EXERCISE INPUT Start Marker

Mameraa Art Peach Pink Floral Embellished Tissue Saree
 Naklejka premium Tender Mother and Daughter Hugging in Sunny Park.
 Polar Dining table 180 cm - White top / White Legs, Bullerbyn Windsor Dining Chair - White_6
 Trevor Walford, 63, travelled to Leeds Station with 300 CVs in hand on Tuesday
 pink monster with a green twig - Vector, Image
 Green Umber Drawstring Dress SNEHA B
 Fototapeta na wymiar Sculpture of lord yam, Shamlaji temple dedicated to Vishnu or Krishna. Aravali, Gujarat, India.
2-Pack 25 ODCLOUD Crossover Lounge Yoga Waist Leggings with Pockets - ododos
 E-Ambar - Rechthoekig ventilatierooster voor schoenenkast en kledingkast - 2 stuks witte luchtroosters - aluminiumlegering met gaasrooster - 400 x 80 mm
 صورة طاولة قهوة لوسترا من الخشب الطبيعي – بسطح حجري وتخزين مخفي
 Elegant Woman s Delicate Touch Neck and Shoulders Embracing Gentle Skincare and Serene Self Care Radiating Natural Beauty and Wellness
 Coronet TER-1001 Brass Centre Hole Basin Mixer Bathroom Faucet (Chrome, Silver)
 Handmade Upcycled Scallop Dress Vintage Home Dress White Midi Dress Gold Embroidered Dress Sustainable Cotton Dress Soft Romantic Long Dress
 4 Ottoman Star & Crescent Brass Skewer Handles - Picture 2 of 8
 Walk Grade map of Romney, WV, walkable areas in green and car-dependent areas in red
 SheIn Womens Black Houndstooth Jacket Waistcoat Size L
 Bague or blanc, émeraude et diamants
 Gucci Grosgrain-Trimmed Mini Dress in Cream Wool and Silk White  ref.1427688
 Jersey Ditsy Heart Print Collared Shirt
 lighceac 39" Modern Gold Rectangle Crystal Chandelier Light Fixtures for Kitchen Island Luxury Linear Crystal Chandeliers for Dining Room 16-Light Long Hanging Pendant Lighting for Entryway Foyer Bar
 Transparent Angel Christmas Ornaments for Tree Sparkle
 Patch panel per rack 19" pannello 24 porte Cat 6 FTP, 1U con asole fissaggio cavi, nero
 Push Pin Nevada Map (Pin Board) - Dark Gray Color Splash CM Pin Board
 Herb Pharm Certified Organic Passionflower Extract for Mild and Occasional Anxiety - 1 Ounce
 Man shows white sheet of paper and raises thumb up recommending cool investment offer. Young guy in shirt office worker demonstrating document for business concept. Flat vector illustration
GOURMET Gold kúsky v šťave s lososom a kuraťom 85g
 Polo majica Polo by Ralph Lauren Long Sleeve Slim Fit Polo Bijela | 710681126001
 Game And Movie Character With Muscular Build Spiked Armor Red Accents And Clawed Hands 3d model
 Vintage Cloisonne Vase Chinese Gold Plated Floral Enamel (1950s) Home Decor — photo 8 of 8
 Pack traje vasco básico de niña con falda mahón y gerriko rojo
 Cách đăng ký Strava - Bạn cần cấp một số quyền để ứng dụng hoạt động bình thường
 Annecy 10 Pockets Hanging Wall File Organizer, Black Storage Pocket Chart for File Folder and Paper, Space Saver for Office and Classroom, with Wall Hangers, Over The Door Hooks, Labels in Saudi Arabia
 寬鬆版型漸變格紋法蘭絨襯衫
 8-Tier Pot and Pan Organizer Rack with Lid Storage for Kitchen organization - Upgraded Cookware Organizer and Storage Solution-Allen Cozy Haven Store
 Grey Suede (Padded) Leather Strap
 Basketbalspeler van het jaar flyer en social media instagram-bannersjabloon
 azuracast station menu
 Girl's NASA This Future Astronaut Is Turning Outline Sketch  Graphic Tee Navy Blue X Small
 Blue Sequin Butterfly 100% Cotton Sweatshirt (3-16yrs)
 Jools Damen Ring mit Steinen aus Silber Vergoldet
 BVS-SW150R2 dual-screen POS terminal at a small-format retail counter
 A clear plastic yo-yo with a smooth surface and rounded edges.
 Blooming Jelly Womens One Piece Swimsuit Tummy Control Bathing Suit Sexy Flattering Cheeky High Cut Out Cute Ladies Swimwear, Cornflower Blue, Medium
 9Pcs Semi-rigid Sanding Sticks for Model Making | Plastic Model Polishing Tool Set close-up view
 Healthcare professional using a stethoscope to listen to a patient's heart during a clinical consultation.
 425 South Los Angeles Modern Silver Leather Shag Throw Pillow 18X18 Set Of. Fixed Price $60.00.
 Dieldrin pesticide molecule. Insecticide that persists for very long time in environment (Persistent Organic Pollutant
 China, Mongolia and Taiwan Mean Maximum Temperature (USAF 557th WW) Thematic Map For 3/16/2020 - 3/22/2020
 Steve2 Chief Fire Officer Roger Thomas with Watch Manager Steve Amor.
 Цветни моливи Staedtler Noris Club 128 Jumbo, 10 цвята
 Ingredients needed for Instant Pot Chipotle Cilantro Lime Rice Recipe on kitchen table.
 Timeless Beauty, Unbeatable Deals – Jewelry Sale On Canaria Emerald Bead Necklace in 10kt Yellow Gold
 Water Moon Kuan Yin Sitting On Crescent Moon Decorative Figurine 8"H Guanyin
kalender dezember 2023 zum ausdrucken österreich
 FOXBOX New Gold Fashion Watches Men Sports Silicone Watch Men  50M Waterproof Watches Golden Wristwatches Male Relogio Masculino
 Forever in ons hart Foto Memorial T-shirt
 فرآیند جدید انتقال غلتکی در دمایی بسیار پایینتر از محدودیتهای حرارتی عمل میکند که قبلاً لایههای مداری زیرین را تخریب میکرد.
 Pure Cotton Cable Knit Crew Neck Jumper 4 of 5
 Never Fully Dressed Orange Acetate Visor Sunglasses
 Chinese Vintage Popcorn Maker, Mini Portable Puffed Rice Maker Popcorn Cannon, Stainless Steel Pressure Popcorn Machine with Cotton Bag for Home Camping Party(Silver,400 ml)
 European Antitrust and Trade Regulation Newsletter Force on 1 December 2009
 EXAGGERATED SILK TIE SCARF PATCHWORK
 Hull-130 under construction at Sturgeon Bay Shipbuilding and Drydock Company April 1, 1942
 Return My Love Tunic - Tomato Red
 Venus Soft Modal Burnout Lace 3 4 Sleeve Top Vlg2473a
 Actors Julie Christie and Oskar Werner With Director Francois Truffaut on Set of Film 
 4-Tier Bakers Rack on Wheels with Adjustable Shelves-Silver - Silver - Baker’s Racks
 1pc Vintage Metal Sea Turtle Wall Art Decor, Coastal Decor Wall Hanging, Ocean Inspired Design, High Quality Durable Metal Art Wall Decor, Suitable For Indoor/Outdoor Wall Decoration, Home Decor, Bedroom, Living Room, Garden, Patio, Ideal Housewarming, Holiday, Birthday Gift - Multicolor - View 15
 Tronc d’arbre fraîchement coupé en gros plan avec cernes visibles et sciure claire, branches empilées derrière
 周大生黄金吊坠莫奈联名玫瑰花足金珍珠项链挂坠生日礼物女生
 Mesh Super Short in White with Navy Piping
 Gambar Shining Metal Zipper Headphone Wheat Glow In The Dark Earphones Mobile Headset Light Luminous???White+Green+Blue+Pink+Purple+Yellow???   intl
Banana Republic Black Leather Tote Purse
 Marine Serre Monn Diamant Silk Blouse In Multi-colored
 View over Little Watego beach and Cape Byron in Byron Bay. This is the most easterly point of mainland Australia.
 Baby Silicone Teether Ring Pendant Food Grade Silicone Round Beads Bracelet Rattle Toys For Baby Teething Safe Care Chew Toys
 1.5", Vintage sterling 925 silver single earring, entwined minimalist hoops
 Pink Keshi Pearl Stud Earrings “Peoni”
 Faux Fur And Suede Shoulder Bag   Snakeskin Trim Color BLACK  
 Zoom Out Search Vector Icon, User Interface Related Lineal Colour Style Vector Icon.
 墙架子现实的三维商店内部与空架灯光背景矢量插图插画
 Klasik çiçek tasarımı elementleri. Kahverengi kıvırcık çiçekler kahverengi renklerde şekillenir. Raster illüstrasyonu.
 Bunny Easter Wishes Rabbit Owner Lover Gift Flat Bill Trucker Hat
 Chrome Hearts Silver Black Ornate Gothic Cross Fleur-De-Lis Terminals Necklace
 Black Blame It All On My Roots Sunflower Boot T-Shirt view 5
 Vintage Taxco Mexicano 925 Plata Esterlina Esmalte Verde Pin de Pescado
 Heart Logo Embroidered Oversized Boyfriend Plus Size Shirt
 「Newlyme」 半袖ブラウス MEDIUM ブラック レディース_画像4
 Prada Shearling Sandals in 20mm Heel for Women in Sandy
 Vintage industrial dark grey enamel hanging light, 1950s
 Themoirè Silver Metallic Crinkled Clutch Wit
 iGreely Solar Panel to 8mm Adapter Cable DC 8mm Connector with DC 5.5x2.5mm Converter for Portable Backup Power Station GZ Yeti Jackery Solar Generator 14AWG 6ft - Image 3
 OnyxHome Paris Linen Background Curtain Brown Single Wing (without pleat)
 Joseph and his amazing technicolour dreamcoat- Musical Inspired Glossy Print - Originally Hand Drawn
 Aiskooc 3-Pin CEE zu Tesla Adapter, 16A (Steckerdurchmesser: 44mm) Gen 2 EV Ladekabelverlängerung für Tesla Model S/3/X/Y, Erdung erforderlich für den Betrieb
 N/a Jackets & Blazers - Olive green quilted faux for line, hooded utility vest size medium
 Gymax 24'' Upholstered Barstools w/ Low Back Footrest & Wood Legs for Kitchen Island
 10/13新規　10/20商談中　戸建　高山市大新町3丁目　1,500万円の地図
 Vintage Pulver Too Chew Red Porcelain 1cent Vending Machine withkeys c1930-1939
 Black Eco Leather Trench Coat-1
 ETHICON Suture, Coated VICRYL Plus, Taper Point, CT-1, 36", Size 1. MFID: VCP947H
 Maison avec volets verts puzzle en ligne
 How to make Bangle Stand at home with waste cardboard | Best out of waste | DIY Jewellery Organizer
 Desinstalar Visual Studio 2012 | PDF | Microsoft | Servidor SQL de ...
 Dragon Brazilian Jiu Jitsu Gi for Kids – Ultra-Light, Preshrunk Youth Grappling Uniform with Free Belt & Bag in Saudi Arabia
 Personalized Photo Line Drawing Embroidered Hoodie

EXERCISE INPUT End Marker

EXERCISE – Only one stretch of the records above is wanted: the lines between the one holding "Coronet TER-1001 Brass" and the one holding "Herb Pharm Certified", inclusive, reproduced exactly.

TASK OUTPUT –
 Coronet TER-1001 Brass Centre Hole Basin Mixer Bathroom Faucet (Chrome, Silver)
 Handmade Upcycled Scallop Dress Vintage Home Dress White Midi Dress Gold Embroidered Dress Sustainable Cotton Dress Soft Romantic Long Dress
 4 Ottoman Star & Crescent Brass Skewer Handles - Picture 2 of 8
 Walk Grade map of Romney, WV, walkable areas in green and car-dependent areas in red
 SheIn Womens Black Houndstooth Jacket Waistcoat Size L
 Bague or blanc, émeraude et diamants
 Gucci Grosgrain-Trimmed Mini Dress in Cream Wool and Silk White  ref.1427688
 Jersey Ditsy Heart Print Collared Shirt
 lighceac 39" Modern Gold Rectangle Crystal Chandelier Light Fixtures for Kitchen Island Luxury Linear Crystal Chandeliers for Dining Room 16-Light Long Hanging Pendant Lighting for Entryway Foyer Bar
 Transparent Angel Christmas Ornaments for Tree Sparkle
 Patch panel per rack 19" pannello 24 porte Cat 6 FTP, 1U con asole fissaggio cavi, nero
 Push Pin Nevada Map (Pin Board) - Dark Gray Color Splash CM Pin Board
 Herb Pharm Certified Organic Passionflower Extract for Mild and Occasional Anxiety - 1 Ounce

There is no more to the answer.